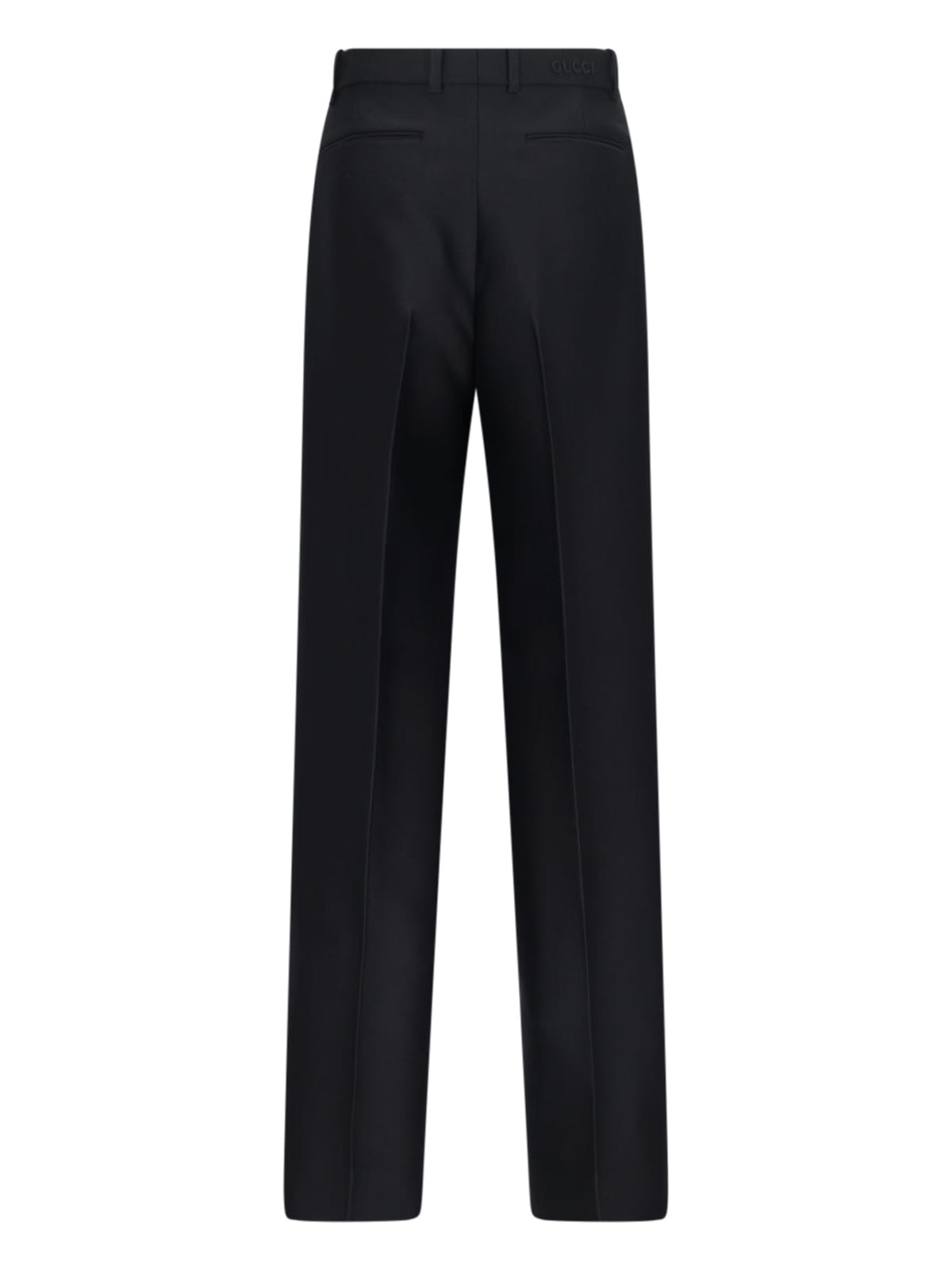 Gucci Wool And Silk Straight Pants In Black
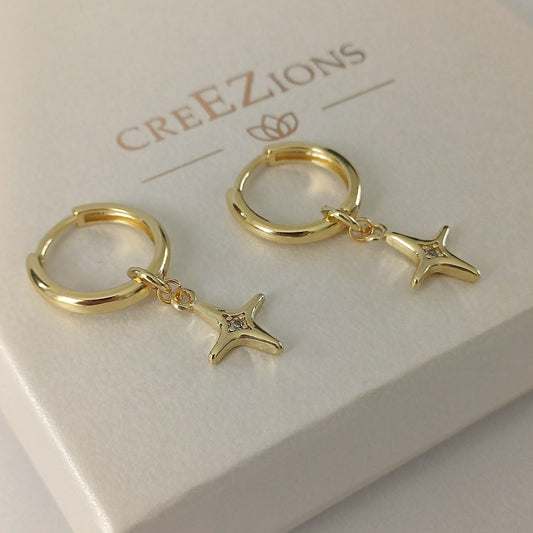 Oorbellen met noorderster en zirkonia – gold filled of 925 sterling zilver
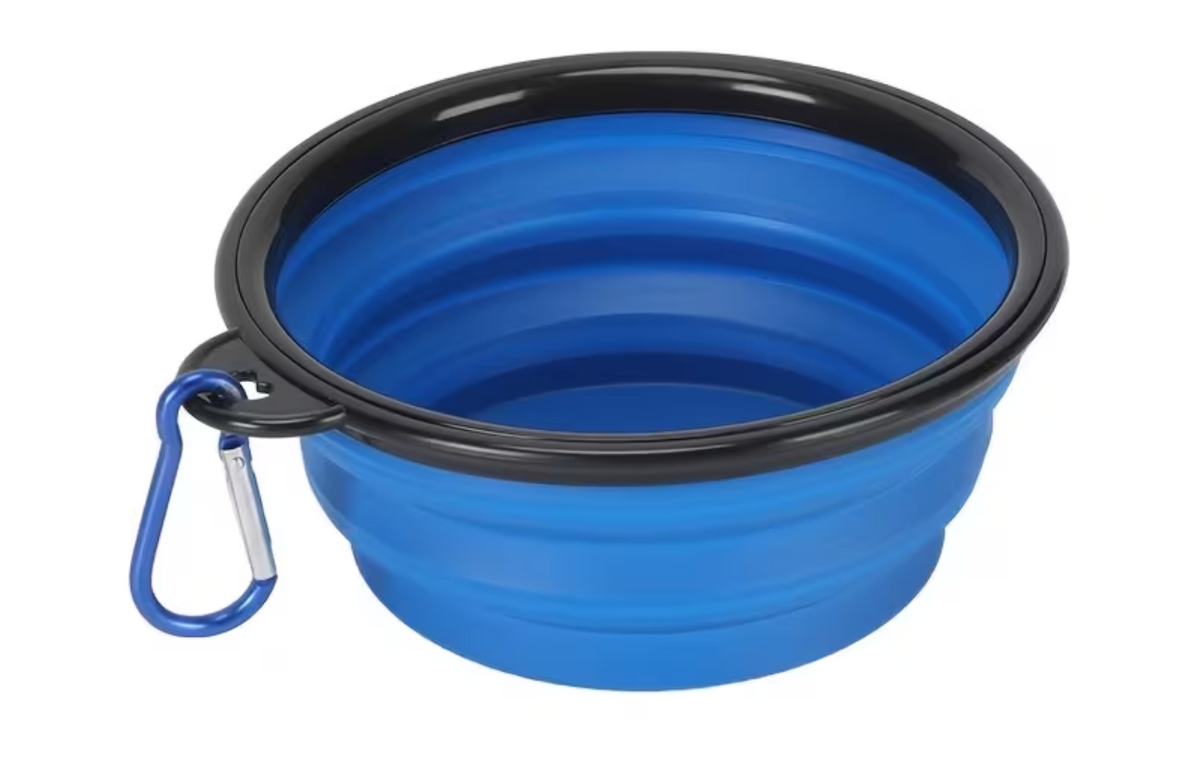 Collapsible Dog Bowl 32oz – Foldable Silicone Travel Bowl for Food & Water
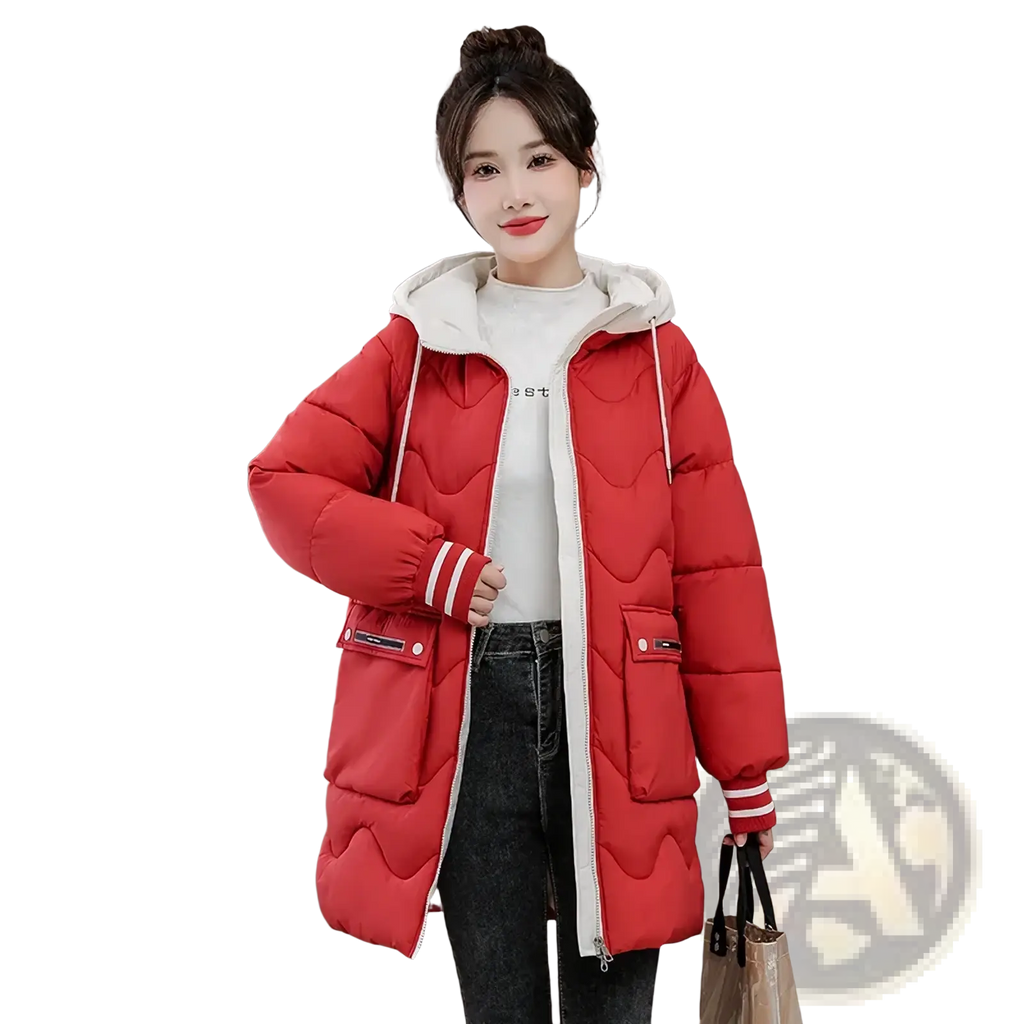 Women hooded padded winter jacket in red quilted fabric with white-lined hood and striped cuffs for cold weather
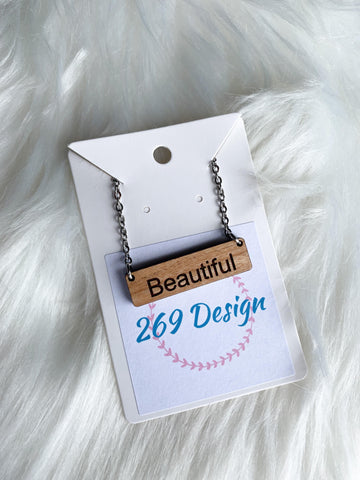 "Beautiful" Bar Necklace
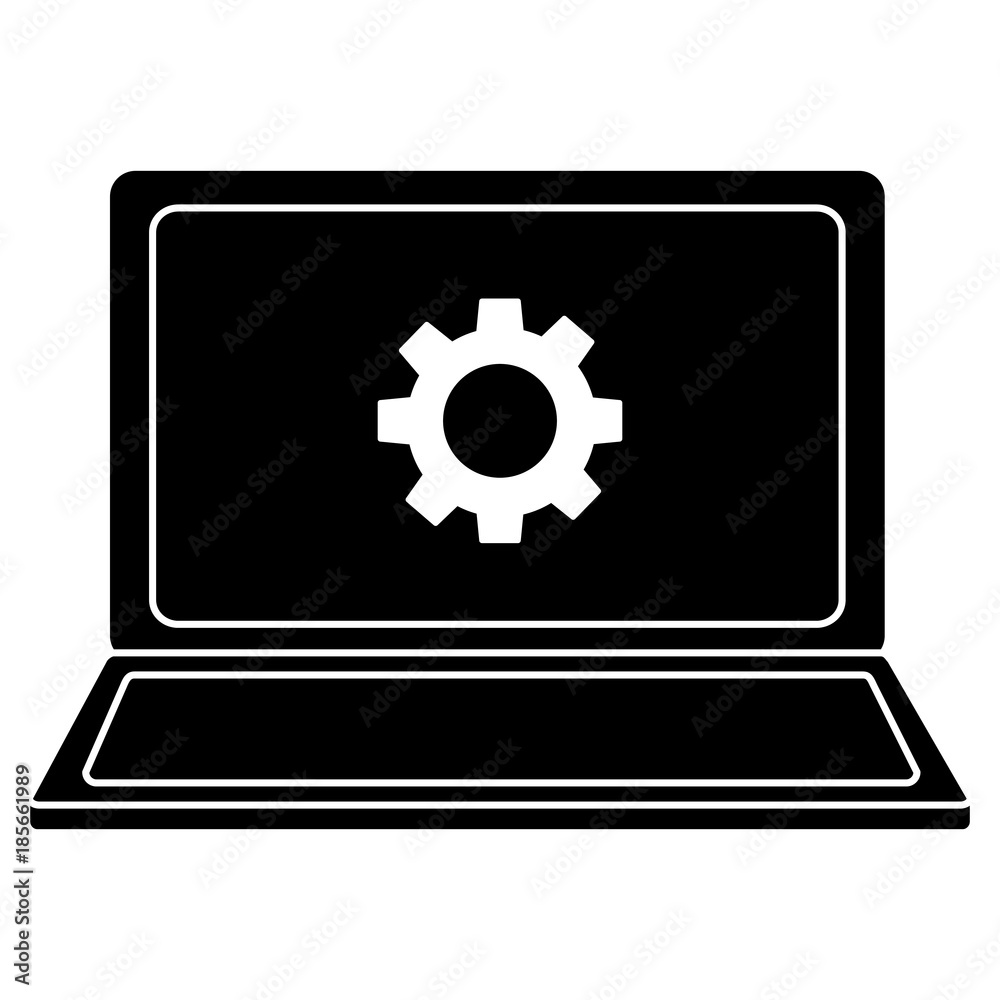 open laptop device with setting on screen pictogram image open laptop device with setting on screen pictogram image
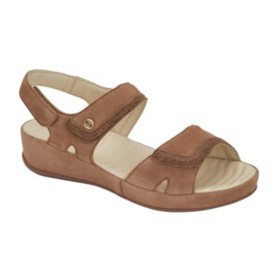 Calzatura christy sandal 3.0 suede+printed suede woman tan tecnologia memory cushion materiale pelle scamosciata + pelle scamosc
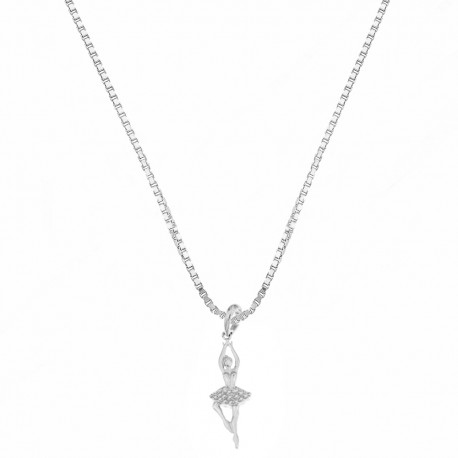 White Gold 18k with White Cubic Zirconia Ballerina Woman Necklace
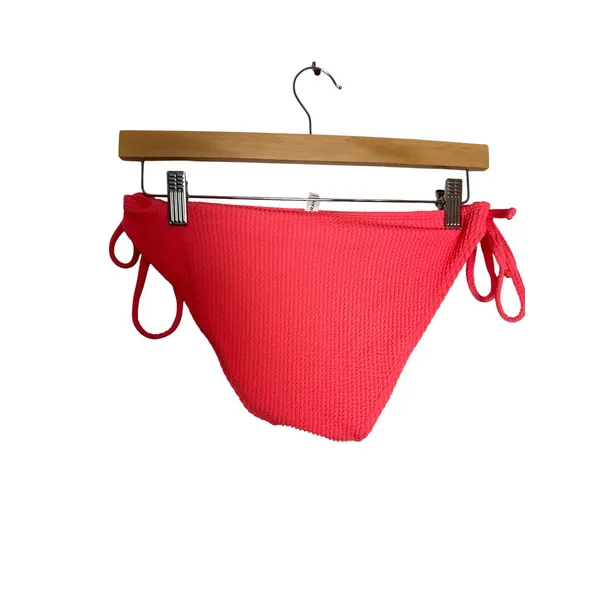Lucky Brand Coral 2 Piece Crinkle Rib Halter Triangle Side Tie Bikini Swim Set L - Image 3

================================

[What you should do]:
Here the job is to output the lines from the top of the listing through the line holding "open laptop device with setting on screen pictogram image open", word for word and without pictures.

[Solution to this exercise]:
 Gucci Wool And Silk Straight Pants In Black
 Oorbellen met noorderster en zirkonia – gold filled of 925 sterling zilver
 Collapsible Dog Bowl 32oz – Foldable Silicone Travel Bowl for Food & Water
 Women hooded padded winter jacket in red quilted fabric with white-lined hood and striped cuffs for cold weather
 "Beautiful" Bar Necklace
 open laptop device with setting on screen pictogram image open laptop device with setting on screen pictogram image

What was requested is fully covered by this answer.